* **TASK GOAL**:
Below are several records. Retype exactly those lines running from the one with "kaizercool1 online show from May 8, 6:17 am" through the one with "NWT SPANX On-The-Go", end lines included, and no others.
*** Opening of EXTRACTED MATERIAL ***
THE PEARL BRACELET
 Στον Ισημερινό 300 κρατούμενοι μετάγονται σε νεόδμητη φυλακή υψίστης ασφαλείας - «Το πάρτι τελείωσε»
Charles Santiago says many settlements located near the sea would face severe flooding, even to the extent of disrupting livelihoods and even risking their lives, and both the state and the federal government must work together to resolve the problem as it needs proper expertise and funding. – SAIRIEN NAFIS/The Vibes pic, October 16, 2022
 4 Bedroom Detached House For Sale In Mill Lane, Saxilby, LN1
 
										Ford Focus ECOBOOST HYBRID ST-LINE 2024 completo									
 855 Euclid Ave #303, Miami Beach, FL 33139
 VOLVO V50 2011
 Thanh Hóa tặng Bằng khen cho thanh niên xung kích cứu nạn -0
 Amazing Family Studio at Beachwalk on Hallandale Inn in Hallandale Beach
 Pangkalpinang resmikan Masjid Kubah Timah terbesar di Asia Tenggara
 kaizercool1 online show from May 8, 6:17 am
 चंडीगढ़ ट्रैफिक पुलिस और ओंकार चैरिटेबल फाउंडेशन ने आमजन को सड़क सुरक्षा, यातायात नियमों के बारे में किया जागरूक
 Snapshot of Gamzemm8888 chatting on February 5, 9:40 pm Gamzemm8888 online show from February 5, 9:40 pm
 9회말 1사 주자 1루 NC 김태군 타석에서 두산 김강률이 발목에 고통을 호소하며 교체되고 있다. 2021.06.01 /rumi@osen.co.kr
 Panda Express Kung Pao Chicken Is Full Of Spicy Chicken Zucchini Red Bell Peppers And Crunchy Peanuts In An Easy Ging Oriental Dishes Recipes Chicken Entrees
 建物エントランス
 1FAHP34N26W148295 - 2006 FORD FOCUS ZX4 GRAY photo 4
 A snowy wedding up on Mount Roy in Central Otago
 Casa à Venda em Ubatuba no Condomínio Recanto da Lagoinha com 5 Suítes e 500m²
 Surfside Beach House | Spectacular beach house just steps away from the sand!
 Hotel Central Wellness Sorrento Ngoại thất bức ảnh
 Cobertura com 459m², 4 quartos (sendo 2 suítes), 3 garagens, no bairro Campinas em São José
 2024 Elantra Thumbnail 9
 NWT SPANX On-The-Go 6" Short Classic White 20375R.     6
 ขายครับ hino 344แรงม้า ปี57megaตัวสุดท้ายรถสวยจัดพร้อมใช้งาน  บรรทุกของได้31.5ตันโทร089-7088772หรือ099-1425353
*** Close of EXTRACTED MATERIAL ***
* **EXERCISE SOLUTION**:
 kaizercool1 online show from May 8, 6:17 am
 चंडीगढ़ ट्रैफिक पुलिस और ओंकार चैरिटेबल फाउंडेशन ने आमजन को सड़क सुरक्षा, यातायात नियमों के बारे में किया जागरूक
 Snapshot of Gamzemm8888 chatting on February 5, 9:40 pm Gamzemm8888 online show from February 5, 9:40 pm
 9회말 1사 주자 1루 NC 김태군 타석에서 두산 김강률이 발목에 고통을 호소하며 교체되고 있다. 2021.06.01 /rumi@osen.co.kr
 Panda Express Kung Pao Chicken Is Full Of Spicy Chicken Zucchini Red Bell Peppers And Crunchy Peanuts In An Easy Ging Oriental Dishes Recipes Chicken Entrees
 建物エントランス
 1FAHP34N26W148295 - 2006 FORD FOCUS ZX4 GRAY photo 4
 A snowy wedding up on Mount Roy in Central Otago
 Casa à Venda em Ubatuba no Condomínio Recanto da Lagoinha com 5 Suítes e 500m²
 Surfside Beach House | Spectacular beach house just steps away from the sand!
 Hotel Central Wellness Sorrento Ngoại thất bức ảnh
 Cobertura com 459m², 4 quartos (sendo 2 suítes), 3 garagens, no bairro Campinas em São José
 2024 Elantra Thumbnail 9
 NWT SPANX On-The-Go 6" Short Classic White 20375R.     6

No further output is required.